Cambridge lawyer lives colourful double life

Local lawyer lives a double life, one as the owner of a law firm the other as a artist travelling the world for inspiration.

When Bill Schwarz isn’t drafting legal documents or sitting in front of a judge he lives a second more colourful life; a professional artist who travels the globe for inspiration. 

Schwarz, 77 has the look of a typical artist. Dressed in all black, reminiscent of Steve Jobs giving a presentation for Apple, Schwarz presents his art in his modernly designed studio, Kirkwood Wagner Gallery at 11 Thorne St, Cambridge. 

The love for art started when he was 5 and took part in a colouring contest in Regina, where he won first place. Then for nearly 50 years, he didn’t pick up a single paint brush or sketchpad. Instead, he decided to focus his attention on law.

Over the years Schwarz successfully claimed his stake in the legal world starting with the firm Pettitt and Schwarz law in the early 1970s.

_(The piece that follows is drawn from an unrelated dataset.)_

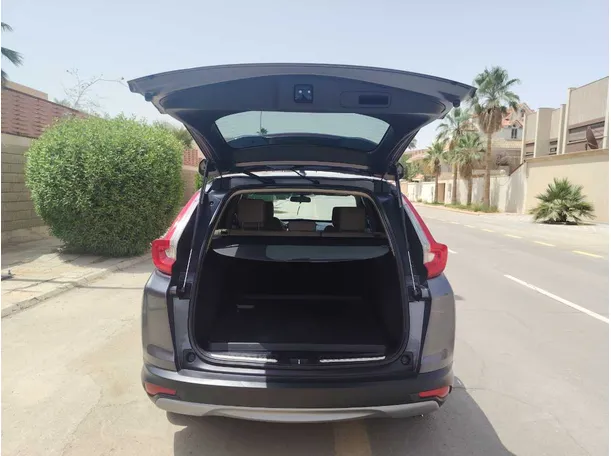 Car image 25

Then one day his wife Nancy handed him a brochure from the Cambridge library, it was for a drawing course. He wasn’t quite sold on the idea.

“I said, Gee, there’s some wine appreciation courses here. I think I’ll take that one and you can take the drawing course,” said Schwarz, wary of the art class. 

That night, he couldn’t sleep, something was bothering him. He kept on thinking, “when Nancy suggests something, she’s usually right.” So he decided to join her at the drawing class and it changed his life forever. 

“From then on, I just couldn’t put the pen down. I just kept getting better and Nancy went like this,” as he motions to the floor. 

After this sudden realization, Schwarz started with sketching, watercolours, acrylic and oil. He just couldn’t stop.

Three years later, he is trying to balance his double life, a professional artist and a lawyer running his own firm. 

His first art show was at his home on Main Street in Cambridge. He converted his whole garage and porch into his own gallery, displaying various art pieces inspired by his worldly travels. 

“My first show, I think I sold about 15 paintings and I’ve never done that since,” he laughed as his glasses nearly fell off his nose. 

Schwarz gets his inspiration from his travels and interesting architecture he finds along the way. In his gallery, there is a little cabinet where he keeps his notes and old sketches, very reminiscent of how a law office would keep all their notes on a case. He photocopies and chronologically stores the plethora of documentations he has amassed.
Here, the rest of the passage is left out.